I just took my pen out of my pocket this morning, and the screw cap which is on the bottom of the pen just came clean off, with no way to screw it on again (it usually acts in a screwing motion, but it moves an inner tube which connects to the large plastic nib+ink+case section of the pen.
There was a slight panic, but nothing looked like it had cracked in half – it is all metal and solid. (I want to use these pens forever – and I’m guessing the first thing that will disintegrate will be the clipping action of the caps… )
It was hard to see what to do – and for the first time I saw the long silver tube which is usually on the inside of the main part of the pen, but this is how I fixed it:
- Remove the sections: cap, nib, metal tube, main body of pen, little screw nobule which is usually on the top.
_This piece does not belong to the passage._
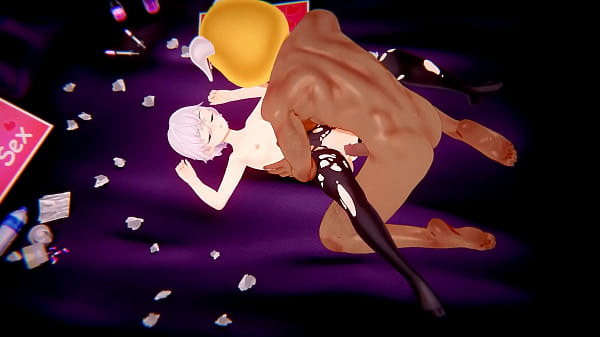 Animated Ahegao Hentai with a Anime Babe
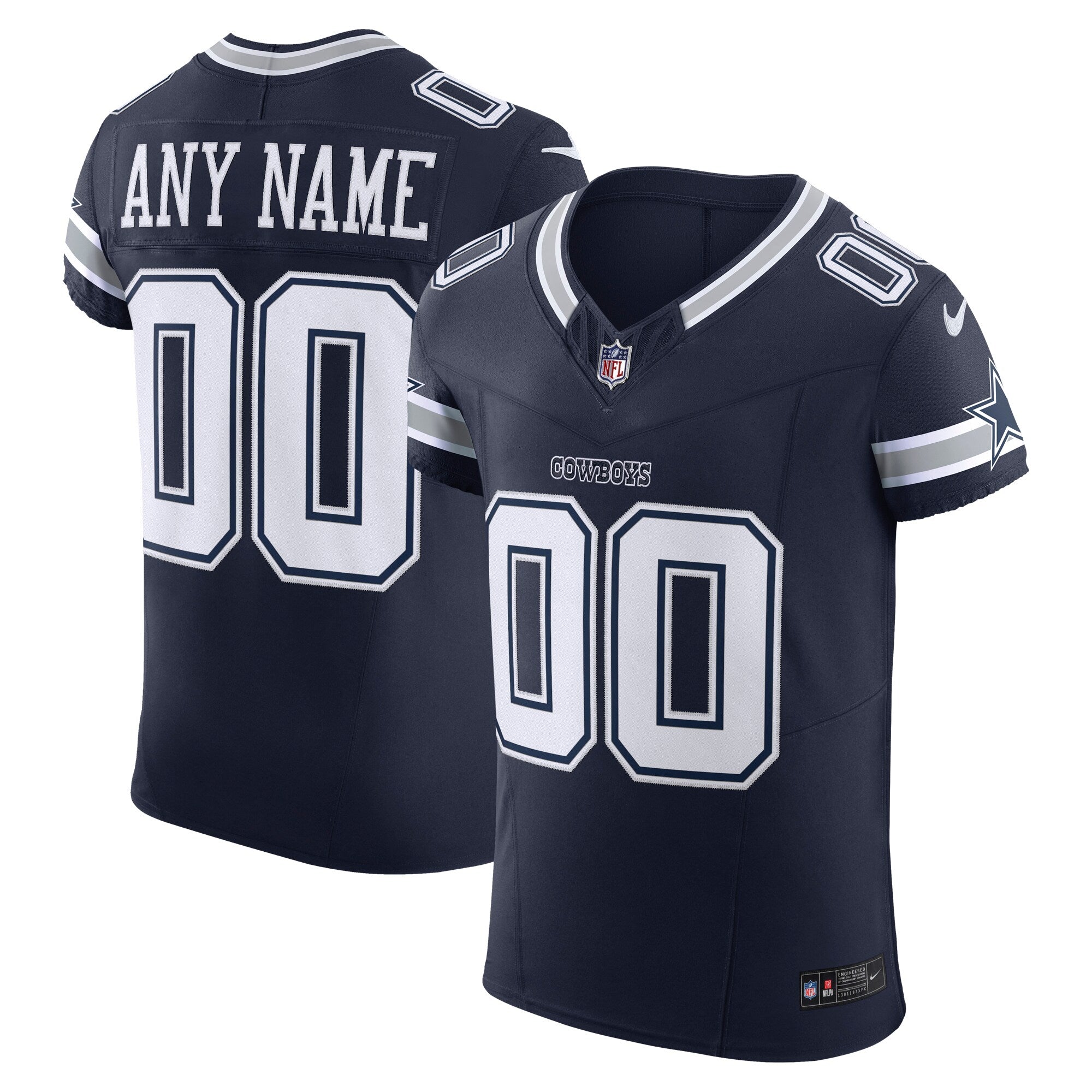 Dallas Cowboys Vapor F.U.S.E. Elite Custom Jersey - Navy | Stitched Football Jersey TJS2623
- place the silver inner tube into the body, and then slip the little twist cap onto the end of it
~ The way it is held in place is that it is wedged into it, and then the whole mechanism rotates freely inside the body of the pen. - put the body of the pen, screw-cap facing down, onto a table, then use a solid long object to apply small, steadily growing amounts of pressure onto the edge of the silver inner tube down into the screw cap – thereby wedging the two into one.
~ I was just a bit paranoid of damaging or warping the inner tube, so I didn’t want to just push it down by adding a lot of pressure to one point – so I was working my way around the circumference.
~ When it is wedged together a small amount, you can lift the pen up, and test to see your progress by observing the gap between the screw cap, and small silver section it connects to. The two should be flush together with no gap.